▸ The problem: Please set down, unchanged, each line from the one with "Empresario que mató a ladrones fue liberado" to the final line of the data below, both included. Drop the pictures.
-- Data extract follows --
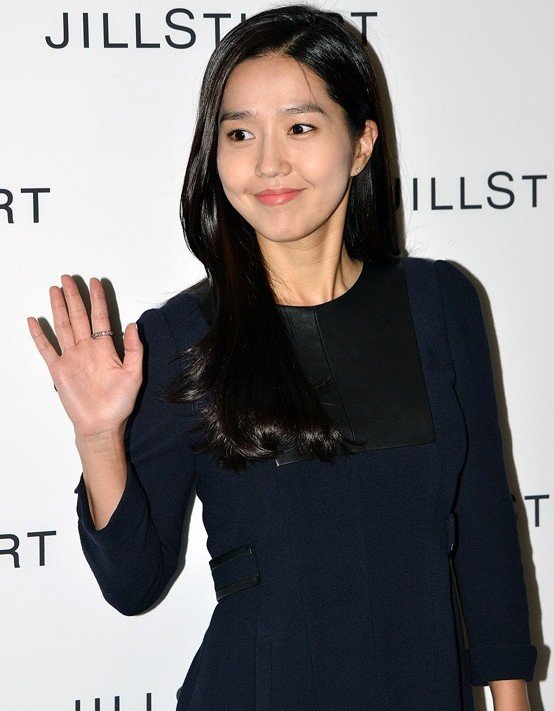 Pachinko by Min Jin Lee (image credits: wikimedia)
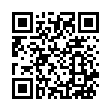 安卓火柴忍者格斗 v7.0(无限金钱，菜单) 
						
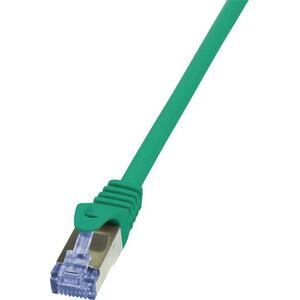 CQ3015S kép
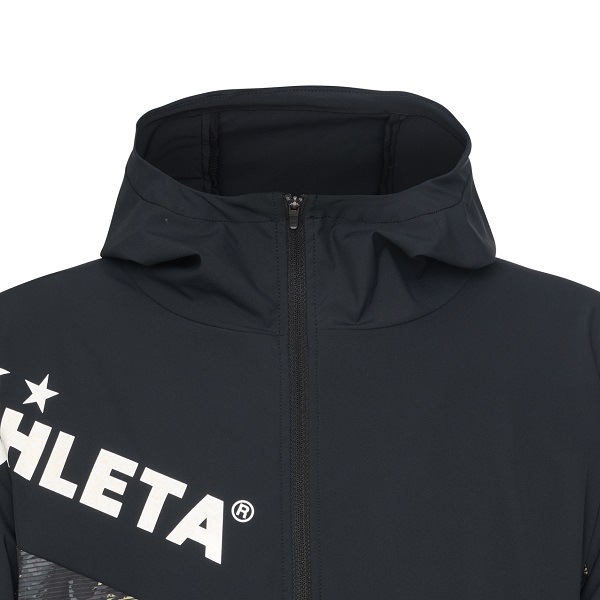 ȥåȥ졼˥󥰥㥱åȡATHLETA(쥿04157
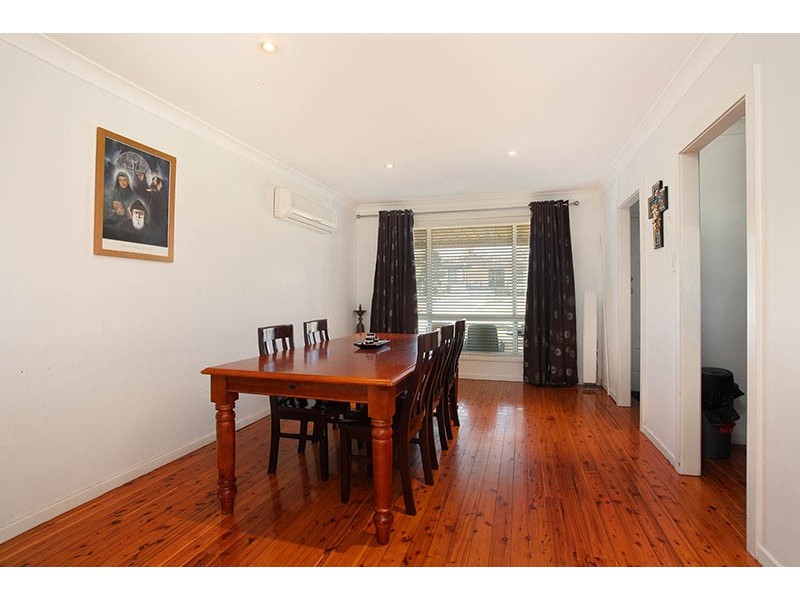 32 Orwell Street, Blacktown NSW 2148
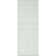 Rodgers Hand Woven Flat Weave Banana Silk/Wool/Cotton Geometric Rug in Ivory/Blue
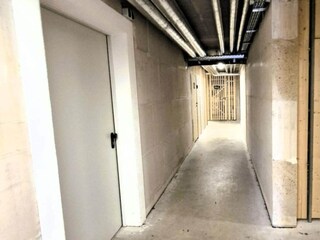 Appartement Winterberg  28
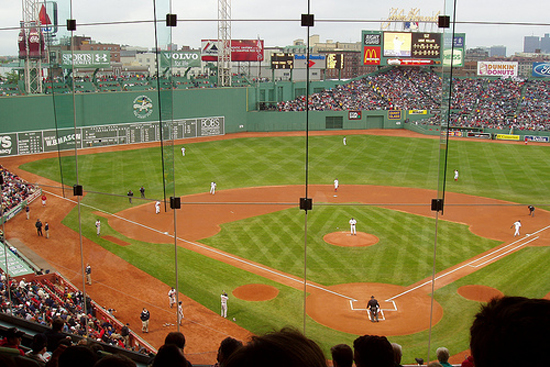 fenwayhome_h.jpg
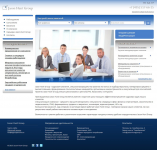 Jasonhuntgroup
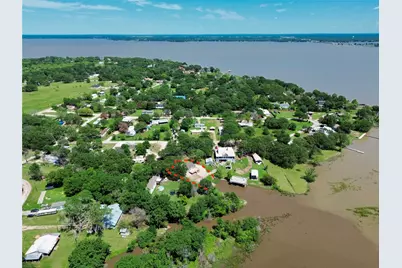 706 Sandpiper Court, Kemp, TX 75143 - Photo 7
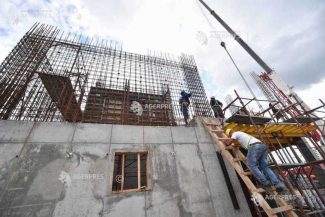 Noile inițiative europene privind mobilitatea forței de muncă vor crește presiunea asupra companiilor (analiză)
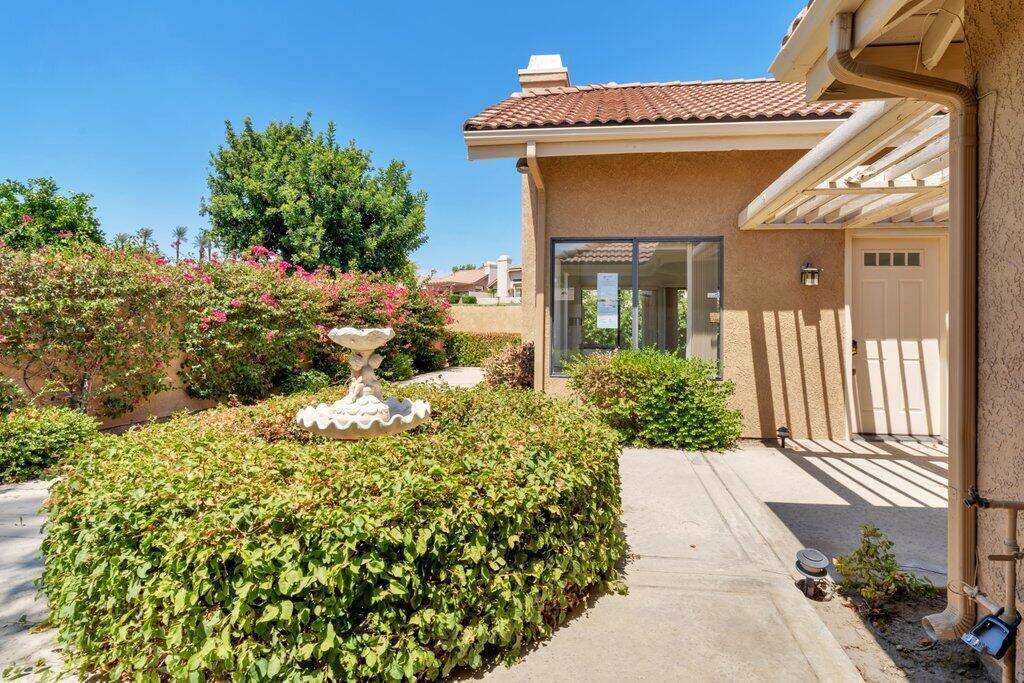 Palm Desert, CA 92260,144 Verde WAY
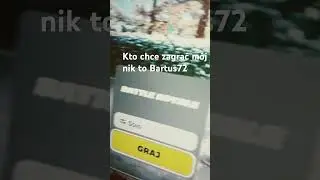 Pisz NIK w kom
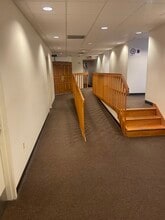 2900 Plank Rd, Altoona, PA for lease Lobby- Image 2 of 22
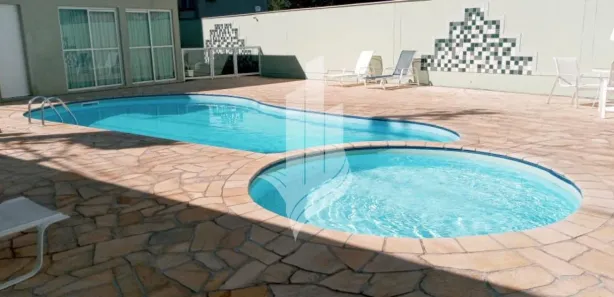 Apartamento com 3 Quartos à venda, 93m² no Vila Formosa, Blumenau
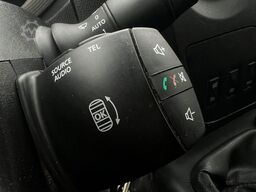 OPEL Movano 2.3 CdTi Pritsche Klima Navi Ahk Lkw 3,5t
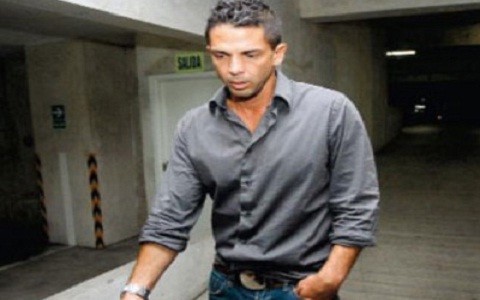 Empresario que mató a ladrones fue liberado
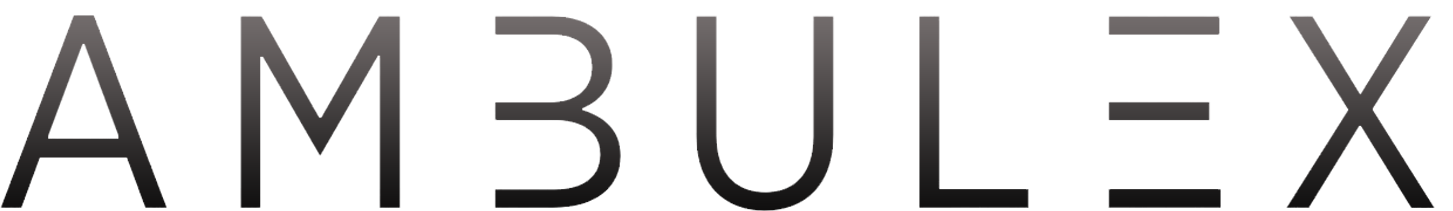 Logo Img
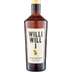 WILLI WILL I Alte Williams Christ Birne - 0,7L 40% 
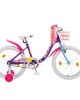 20" Polar Junior 20" Polar Junior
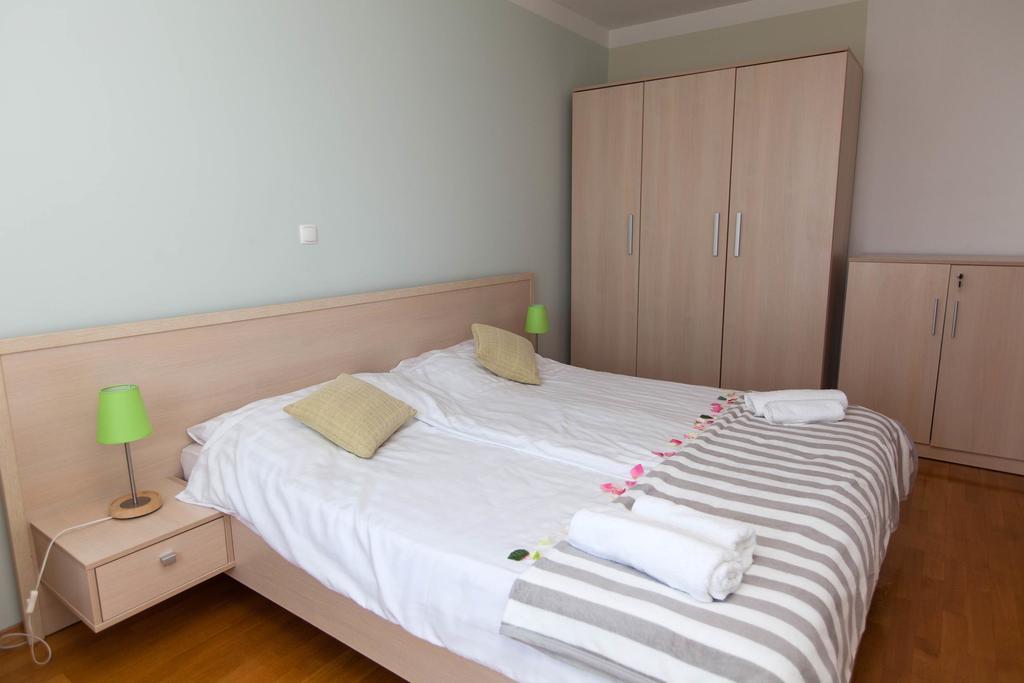 סלצה Apartment Ana מראה חיצוני תמונה
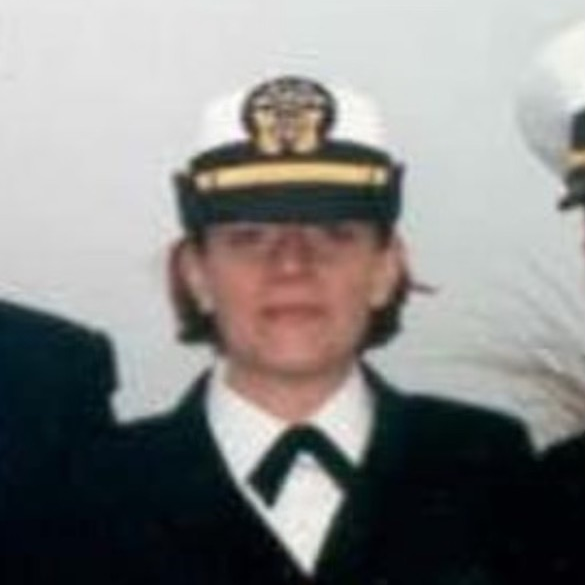 Shannon Milder Shannon Milder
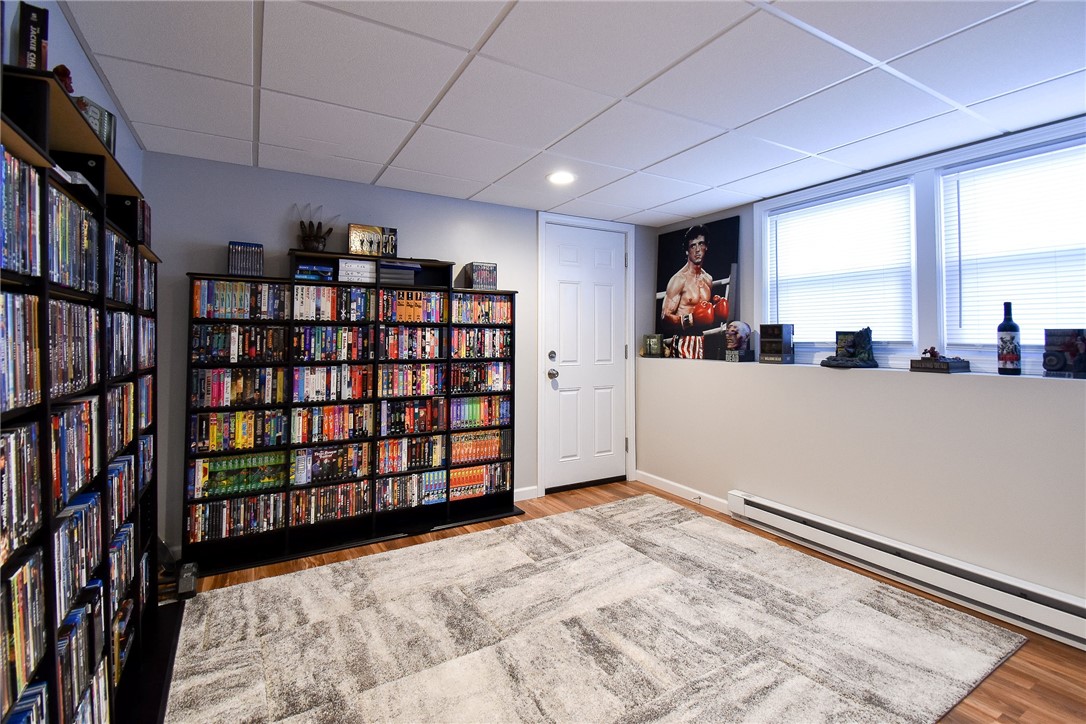 27 Lydia Road Coventry, RI 02816 - Photo 22 of 31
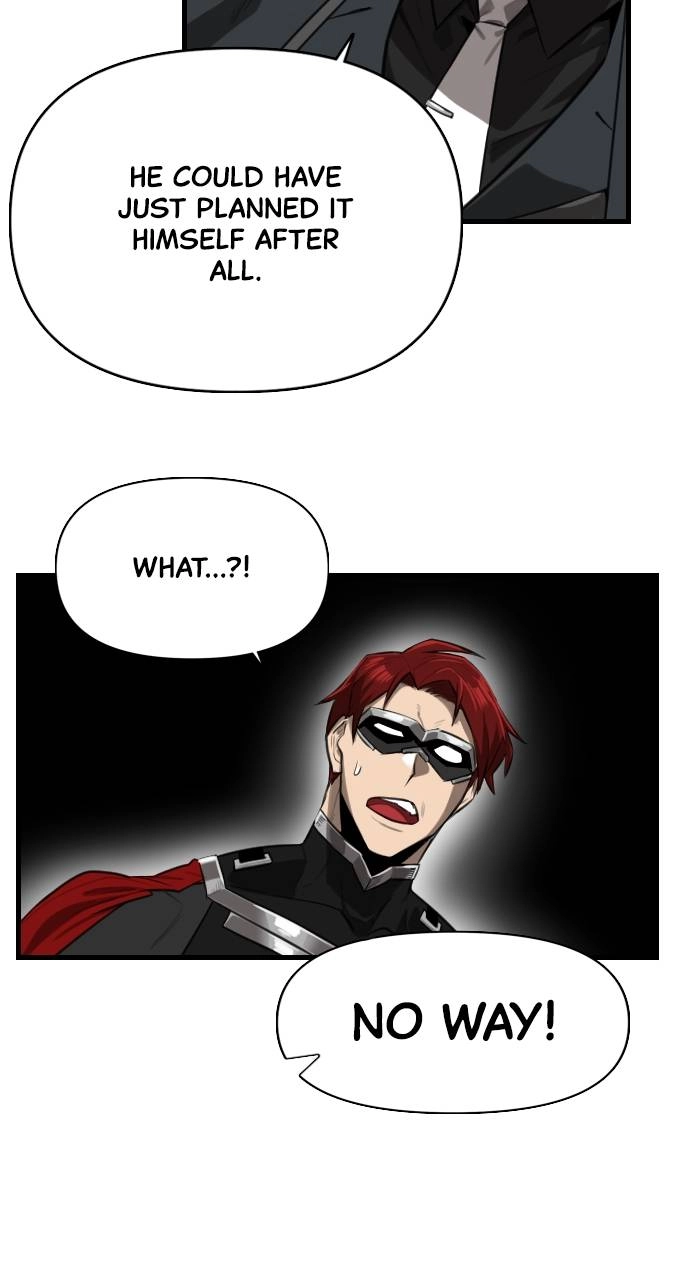 Rental Hero Chapter 4, page 44 of 82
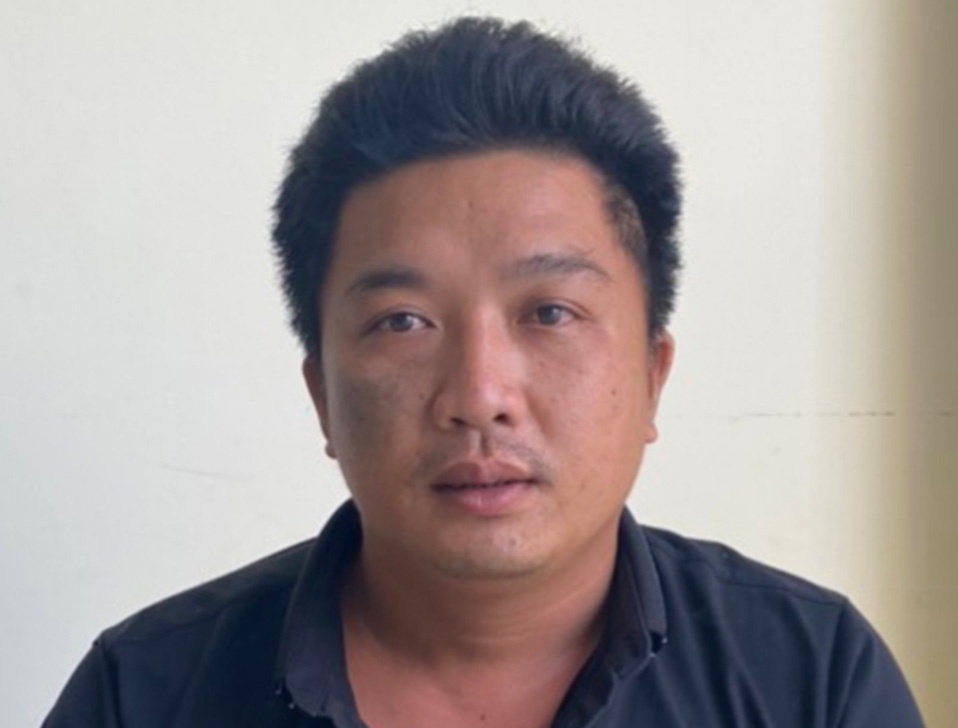 Pha duong day ghi so de qua mang hon 25 ty hinh anh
-- Data extract concluded --
▸ Answer:
 Empresario que mató a ladrones fue liberado
 Logo Img
 WILLI WILL I Alte Williams Christ Birne - 0,7L 40% 
 20" Polar Junior 20" Polar Junior
 סלצה Apartment Ana מראה חיצוני תמונה
 Shannon Milder Shannon Milder
 27 Lydia Road Coventry, RI 02816 - Photo 22 of 31
 Rental Hero Chapter 4, page 44 of 82
 Pha duong day ghi so de qua mang hon 25 ty hinh anh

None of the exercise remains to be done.